Final answer:
To calculate probabilities and find z-scores for a standard normal random variable, one can use a z-table or calculator functions like invNorm. This applies to finding specific z-scores given a probability or calculating a z-score for a given value, like a test score in relation to a class mean and standard deviation.
Step-by-step explanation:
To compute probabilities involving a standard normal random variable z, we need to refer to the standard normal distribution table or use calculator functions. If we are given a probability and need to find the corresponding z-score, we can use the inverse normal function on a calculator or the z-table. For example, to find z0.01, which is the z-score with 0.01 area to the right, we use the invNorm function on a calculator or look up the value in a z-table that corresponds to an area of 0.99 to the left of the z-score.

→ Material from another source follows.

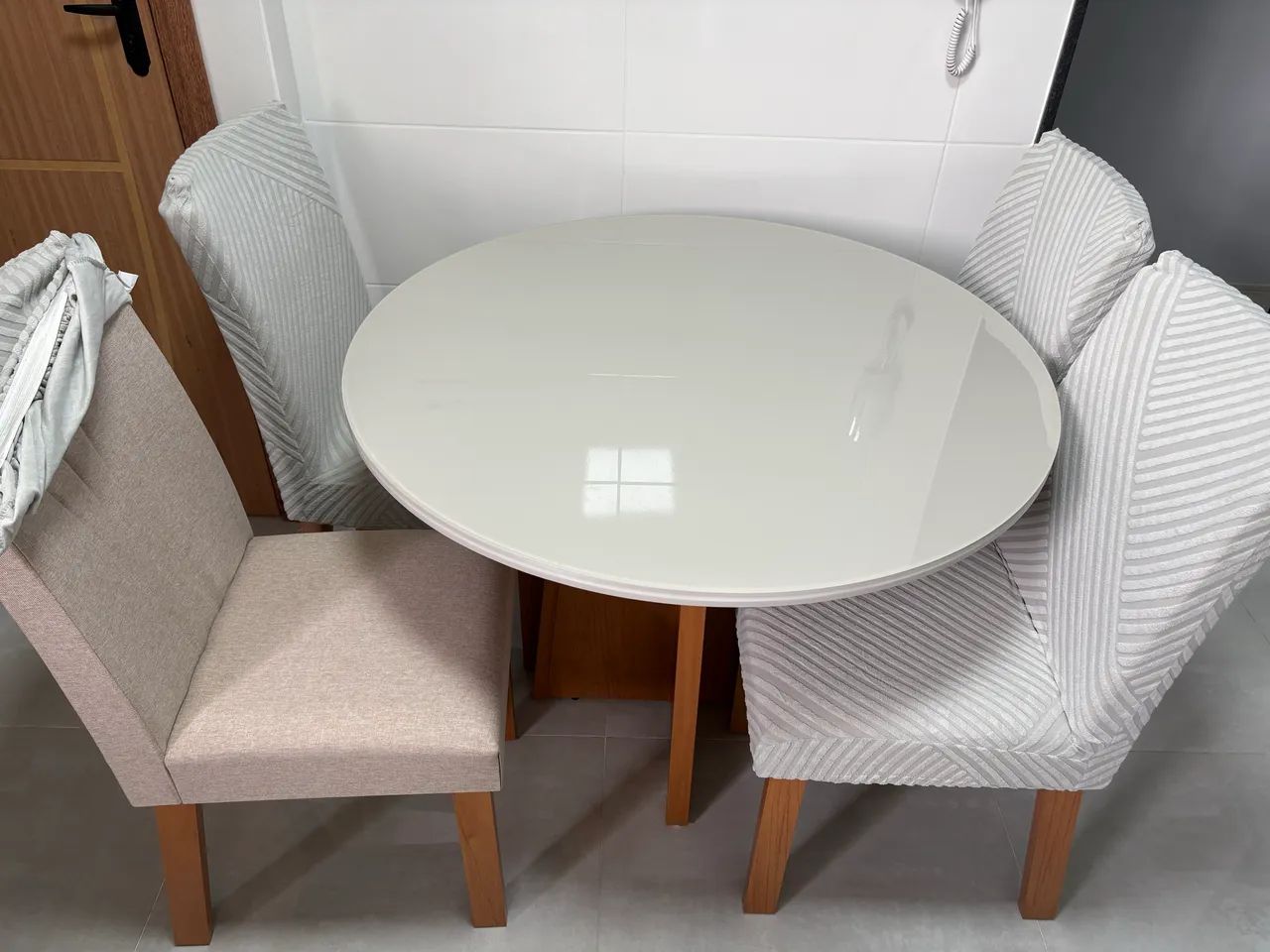 Mesa de 4 cadeiras  - Foto 2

Here is a specific answer to the provided question: z0.01 = 2.326, because the area under the normal density curve to the right of z0.01 is 0.01 and to the left is 0.99. If Susan scored 95 on her biology exam, and the class mean is 85 with a standard deviation of five, we would compute her z-score as follows: (95-85)/5 = 2. This means Susan scored two standard deviations above the mean.
The z-score helps us understand how many standard deviations an observation is from the mean. In the standard normal distribution, the mean is zero and the standard deviation is one. Therefore, a z-score directly indicates the number of standard deviations from the mean.